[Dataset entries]
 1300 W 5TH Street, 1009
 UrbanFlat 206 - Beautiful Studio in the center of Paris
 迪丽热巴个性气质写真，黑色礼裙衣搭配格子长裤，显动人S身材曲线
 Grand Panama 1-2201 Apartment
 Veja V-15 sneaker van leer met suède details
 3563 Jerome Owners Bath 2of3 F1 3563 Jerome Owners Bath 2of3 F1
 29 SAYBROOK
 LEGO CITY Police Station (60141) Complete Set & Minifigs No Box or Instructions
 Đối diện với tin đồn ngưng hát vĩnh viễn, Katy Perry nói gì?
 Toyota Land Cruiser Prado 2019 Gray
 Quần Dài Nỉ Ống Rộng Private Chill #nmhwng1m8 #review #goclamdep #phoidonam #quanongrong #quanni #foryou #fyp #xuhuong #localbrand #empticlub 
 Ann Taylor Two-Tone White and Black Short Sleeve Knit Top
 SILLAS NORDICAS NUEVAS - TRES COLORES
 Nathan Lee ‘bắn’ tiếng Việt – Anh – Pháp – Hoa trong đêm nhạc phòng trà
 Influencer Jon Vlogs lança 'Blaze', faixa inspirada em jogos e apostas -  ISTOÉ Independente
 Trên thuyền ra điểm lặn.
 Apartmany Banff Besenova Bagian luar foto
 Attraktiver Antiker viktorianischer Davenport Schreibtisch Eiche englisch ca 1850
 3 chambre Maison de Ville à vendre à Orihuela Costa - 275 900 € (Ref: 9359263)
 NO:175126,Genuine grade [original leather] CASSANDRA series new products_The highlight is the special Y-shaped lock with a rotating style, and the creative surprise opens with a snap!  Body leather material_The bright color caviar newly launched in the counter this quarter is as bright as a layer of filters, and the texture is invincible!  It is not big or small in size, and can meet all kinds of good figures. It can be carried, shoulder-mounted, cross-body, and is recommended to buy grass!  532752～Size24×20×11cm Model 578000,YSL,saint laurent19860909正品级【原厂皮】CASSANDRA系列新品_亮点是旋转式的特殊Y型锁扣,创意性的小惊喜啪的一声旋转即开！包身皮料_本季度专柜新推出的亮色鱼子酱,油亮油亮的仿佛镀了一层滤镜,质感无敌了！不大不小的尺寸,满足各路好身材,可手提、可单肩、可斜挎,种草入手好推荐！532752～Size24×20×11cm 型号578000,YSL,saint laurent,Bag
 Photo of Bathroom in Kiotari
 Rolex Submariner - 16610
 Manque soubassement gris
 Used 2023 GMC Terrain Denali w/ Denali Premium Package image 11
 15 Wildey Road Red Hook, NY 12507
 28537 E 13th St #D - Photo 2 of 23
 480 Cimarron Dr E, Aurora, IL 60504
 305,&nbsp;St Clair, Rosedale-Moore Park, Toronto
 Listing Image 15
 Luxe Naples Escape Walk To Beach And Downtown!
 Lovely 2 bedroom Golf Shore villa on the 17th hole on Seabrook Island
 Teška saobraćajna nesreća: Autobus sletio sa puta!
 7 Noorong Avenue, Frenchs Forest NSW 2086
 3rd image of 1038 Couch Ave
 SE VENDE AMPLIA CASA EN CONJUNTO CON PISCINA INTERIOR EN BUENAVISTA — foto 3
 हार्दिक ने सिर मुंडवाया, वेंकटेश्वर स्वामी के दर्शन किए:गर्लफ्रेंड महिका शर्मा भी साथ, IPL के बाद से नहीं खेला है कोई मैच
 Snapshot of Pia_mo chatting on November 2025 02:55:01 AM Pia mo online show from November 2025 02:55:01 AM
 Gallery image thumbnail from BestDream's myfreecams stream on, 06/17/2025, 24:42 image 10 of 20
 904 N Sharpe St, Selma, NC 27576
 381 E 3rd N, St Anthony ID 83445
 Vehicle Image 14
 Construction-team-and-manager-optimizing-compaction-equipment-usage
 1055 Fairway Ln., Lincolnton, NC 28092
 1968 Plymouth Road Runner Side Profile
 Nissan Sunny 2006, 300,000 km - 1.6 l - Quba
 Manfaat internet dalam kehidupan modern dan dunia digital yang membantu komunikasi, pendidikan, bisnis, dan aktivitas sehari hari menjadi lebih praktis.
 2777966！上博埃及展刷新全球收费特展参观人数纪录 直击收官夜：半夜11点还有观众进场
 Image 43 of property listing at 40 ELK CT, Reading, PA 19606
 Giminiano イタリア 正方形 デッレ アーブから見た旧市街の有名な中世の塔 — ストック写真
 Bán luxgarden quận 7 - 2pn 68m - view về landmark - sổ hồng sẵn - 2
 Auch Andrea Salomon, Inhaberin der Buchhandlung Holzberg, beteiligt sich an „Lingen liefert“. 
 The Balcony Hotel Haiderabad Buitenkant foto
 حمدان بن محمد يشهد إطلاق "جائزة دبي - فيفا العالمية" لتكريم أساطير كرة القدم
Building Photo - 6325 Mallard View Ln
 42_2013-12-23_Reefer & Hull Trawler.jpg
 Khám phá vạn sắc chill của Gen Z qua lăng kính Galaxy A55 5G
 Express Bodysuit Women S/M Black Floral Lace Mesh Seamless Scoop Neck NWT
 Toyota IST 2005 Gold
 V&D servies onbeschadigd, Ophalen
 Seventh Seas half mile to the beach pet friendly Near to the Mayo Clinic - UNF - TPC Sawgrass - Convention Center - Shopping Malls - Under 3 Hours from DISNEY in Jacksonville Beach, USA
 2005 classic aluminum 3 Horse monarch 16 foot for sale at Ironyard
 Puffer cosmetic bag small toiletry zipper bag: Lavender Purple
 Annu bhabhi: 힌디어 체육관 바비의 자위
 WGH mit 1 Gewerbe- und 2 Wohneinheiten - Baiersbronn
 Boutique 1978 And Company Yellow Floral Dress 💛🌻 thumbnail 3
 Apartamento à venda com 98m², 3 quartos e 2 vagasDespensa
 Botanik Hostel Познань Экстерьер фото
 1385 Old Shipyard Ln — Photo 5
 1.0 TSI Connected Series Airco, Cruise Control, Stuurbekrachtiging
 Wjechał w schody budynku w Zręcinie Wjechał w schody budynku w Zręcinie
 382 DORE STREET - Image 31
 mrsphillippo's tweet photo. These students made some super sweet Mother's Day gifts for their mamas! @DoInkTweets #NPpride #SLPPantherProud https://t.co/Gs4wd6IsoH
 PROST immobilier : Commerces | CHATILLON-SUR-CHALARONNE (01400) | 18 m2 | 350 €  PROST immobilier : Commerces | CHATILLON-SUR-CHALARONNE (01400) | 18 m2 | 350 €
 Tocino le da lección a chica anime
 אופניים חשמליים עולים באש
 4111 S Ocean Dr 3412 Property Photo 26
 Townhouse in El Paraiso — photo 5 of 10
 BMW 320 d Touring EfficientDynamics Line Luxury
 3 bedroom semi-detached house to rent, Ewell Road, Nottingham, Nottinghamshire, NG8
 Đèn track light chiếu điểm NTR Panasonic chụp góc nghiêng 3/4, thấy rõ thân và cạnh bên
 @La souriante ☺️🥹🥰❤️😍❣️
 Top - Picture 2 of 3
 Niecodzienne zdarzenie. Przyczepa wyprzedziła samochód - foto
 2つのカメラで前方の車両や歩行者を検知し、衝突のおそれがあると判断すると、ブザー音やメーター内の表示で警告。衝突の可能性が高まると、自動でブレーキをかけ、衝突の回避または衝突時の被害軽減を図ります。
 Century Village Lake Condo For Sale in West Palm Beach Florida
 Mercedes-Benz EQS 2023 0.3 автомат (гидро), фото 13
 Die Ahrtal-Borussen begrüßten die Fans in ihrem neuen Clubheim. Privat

Work required:
Output the lines of the records above exactly as they appear, from the line containing "381 E 3rd N, St Anthony ID 83445" through the line containing "WGH mit 1 Gewerbe- und".

The completed task:
 381 E 3rd N, St Anthony ID 83445
 Vehicle Image 14
 Construction-team-and-manager-optimizing-compaction-equipment-usage
 1055 Fairway Ln., Lincolnton, NC 28092
 1968 Plymouth Road Runner Side Profile
 Nissan Sunny 2006, 300,000 km - 1.6 l - Quba
 Manfaat internet dalam kehidupan modern dan dunia digital yang membantu komunikasi, pendidikan, bisnis, dan aktivitas sehari hari menjadi lebih praktis.
 2777966！上博埃及展刷新全球收费特展参观人数纪录 直击收官夜：半夜11点还有观众进场
 Image 43 of property listing at 40 ELK CT, Reading, PA 19606
 Giminiano イタリア 正方形 デッレ アーブから見た旧市街の有名な中世の塔 — ストック写真
 Bán luxgarden quận 7 - 2pn 68m - view về landmark - sổ hồng sẵn - 2
 Auch Andrea Salomon, Inhaberin der Buchhandlung Holzberg, beteiligt sich an „Lingen liefert“. 
 The Balcony Hotel Haiderabad Buitenkant foto
 حمدان بن محمد يشهد إطلاق "جائزة دبي - فيفا العالمية" لتكريم أساطير كرة القدم
Building Photo - 6325 Mallard View Ln
 42_2013-12-23_Reefer & Hull Trawler.jpg
 Khám phá vạn sắc chill của Gen Z qua lăng kính Galaxy A55 5G
 Express Bodysuit Women S/M Black Floral Lace Mesh Seamless Scoop Neck NWT
 Toyota IST 2005 Gold
 V&D servies onbeschadigd, Ophalen
 Seventh Seas half mile to the beach pet friendly Near to the Mayo Clinic - UNF - TPC Sawgrass - Convention Center - Shopping Malls - Under 3 Hours from DISNEY in Jacksonville Beach, USA
 2005 classic aluminum 3 Horse monarch 16 foot for sale at Ironyard
 Puffer cosmetic bag small toiletry zipper bag: Lavender Purple
 Annu bhabhi: 힌디어 체육관 바비의 자위
 WGH mit 1 Gewerbe- und 2 Wohneinheiten - Baiersbronn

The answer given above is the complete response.